In terms of the design, the G7+ ThinQ reminds us a lot of the LG V30. And we liked the V30. Which means, the G7+ ThinQ also has a similarly likeable design to go. The mix of glass and metal works well, and despite a fairly large 6.1-inch display to boot, the footprint remains well in check. All in all, this is a great phone to hold and use. The glass at the back does mean the G7+ ThinQ will be slightly slippery to hold at times, but the larger problem is the fact that it attracts smudges and fingerprints with absolute ease—this can really annoy someone who likes a clean looking phone.
LG has finally relocated the power button from the back panel to the side spine—the former was a fixture in a lot of their phones thus far. The new addition is the key below the volume rocker on the left side spine. This can be pressed to invoke the artificial intelligence of Google Assistant. Quite like Samsung’s Galaxy S9 or the Galaxy Note 9 phones for instance, except they give you access to Samsung’s own Bixby smart assistant.
The screen in the LG G7+ ThinQ is a tall 19.5:9 aspect ratio real estate and is a 6.1-inch IPS display (3,120 x 1,440 resolution). That means colours are rich but subdued enough to not pop out unnaturally. This display is very bright too—LG rates this at 1000 nits. That is quite evident because the automatic brightness mode tends to err on the side of keeping the display a tad brighter on most occasions. If this hurts your eyes, you’ll be better suited to manually control how bright the screen remains. Not to forget, but this is a phone that has a notch as well—the touch of modernity that is now demanded from all new Android phones, as an unwritten rule.
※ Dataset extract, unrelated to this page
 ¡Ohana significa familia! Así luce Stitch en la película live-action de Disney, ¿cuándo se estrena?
Performance is extremely good. Running under the hood is a Qualcomm Snapdragon 845 processor paired with 6GB RAM. What you experience with apps and games is smooth performance and slick switching between apps. This runs flagship level hardware, and that shows in the performance too. LG is selling the G7+ ThinQ in India with 128GB storage. Battery life is impressive too, and this easily lasts a day on a single charge, including when used for a spot of Asphalt 9: Legends and Alto’s Odyssey games during the day. LG has added the Qualcomm QuickCharge 3.0 support, which speeds up the battery charge time.
The future proofing has been ticked off with the support for DTS-X Virtual Surround Sound via the 32-Bit Hi-Fi Quad DAC. While the content in this audio standard isn’t yet available easily, the LG G7+ ThinQ should hold music buffs in good stead in the coming years too.
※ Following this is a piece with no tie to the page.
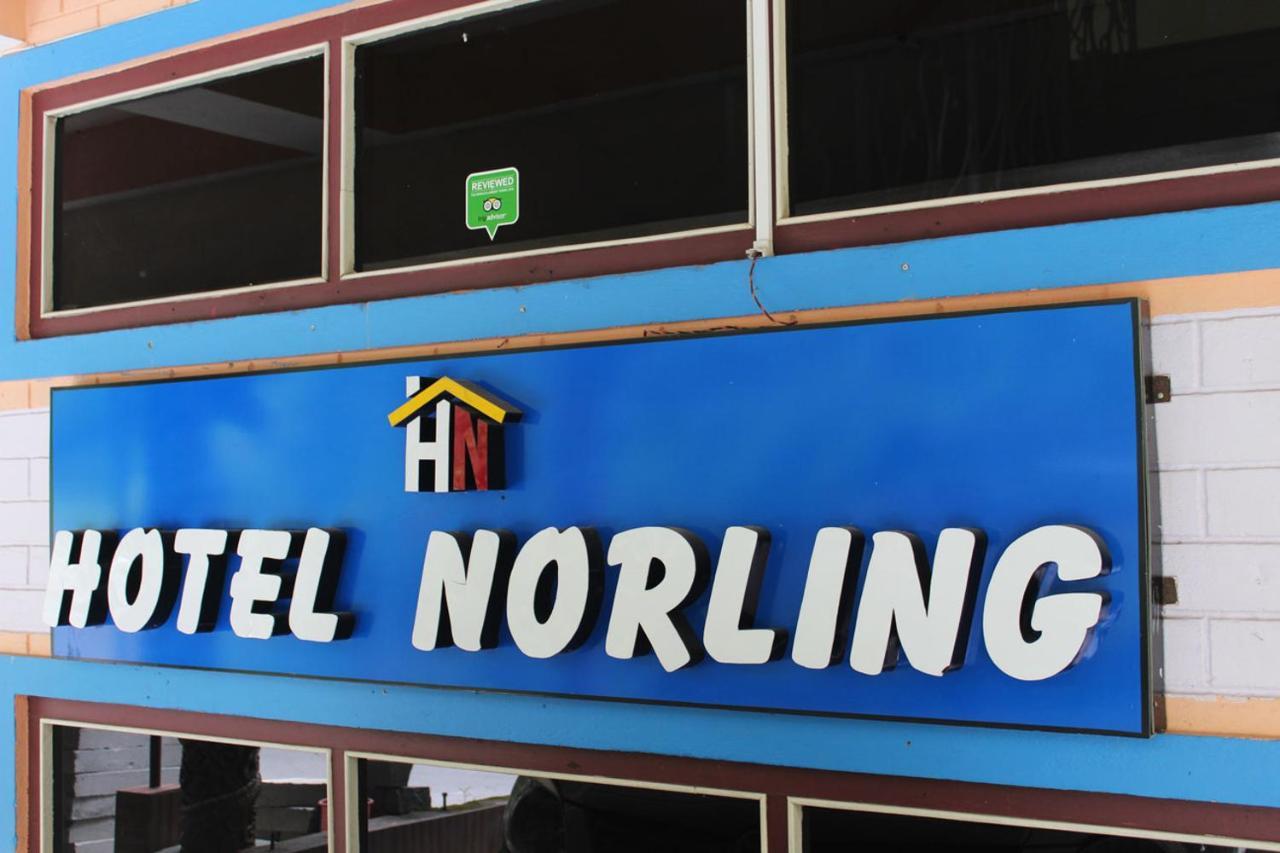 Hotel Norling Retreat Pelling Exterior foto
The dual 16-megapixel cameras at the back, have a whole bunch of supposed AI enhancements. The primary camera has a brighter f/1.6 aperture while the secondary camera has an f/1.9 aperture. There are a whole lot of camera modes on offer, including the AI led mode which identifies the objects in the frame and alters the colour, dynamic range, exposure etc. for the best possible photo. Nothing very new, since many phones have had this feature for a while now. However, the truly new feature is this can be turned off—something not many other phones allow. In terms of the picture quality that this camera combination can output, you’ll get impressive photos for the most part. The AI Cam isn’t always able to take the best photos, and we would recommend keeping it off. However, with harsh or uneven lighting around, the detailing tends to get lost at times and the sharpness is also a tad compromised—zoom in on pictures, and these things become very visible. Colours are pleasant without unnecessary boosting. Low light photos are disappointing.
It is a tad underwhelming that LG has retained pretty much the same interface wrapping around Android, as some of its recent phones. Not that there is anything wrong and nothing is missing, but it doesn’t look as polished as perhaps the Oxygen OS on the OnePlus 6 for instance. Maybe lesser could be more as the theme for whenever LG decides to give its customizations a bit of a refresh for future phones.
The fact remains that the LG G7+ ThinQ is a very attractively priced Android smartphone, with flagship level performance and a great design. It doesn’t attempt to set a new benchmark in anything that it does, but the very experience of using it is one of consistency. This is a phone that might make OnePlus and Huawe sit up and take notice.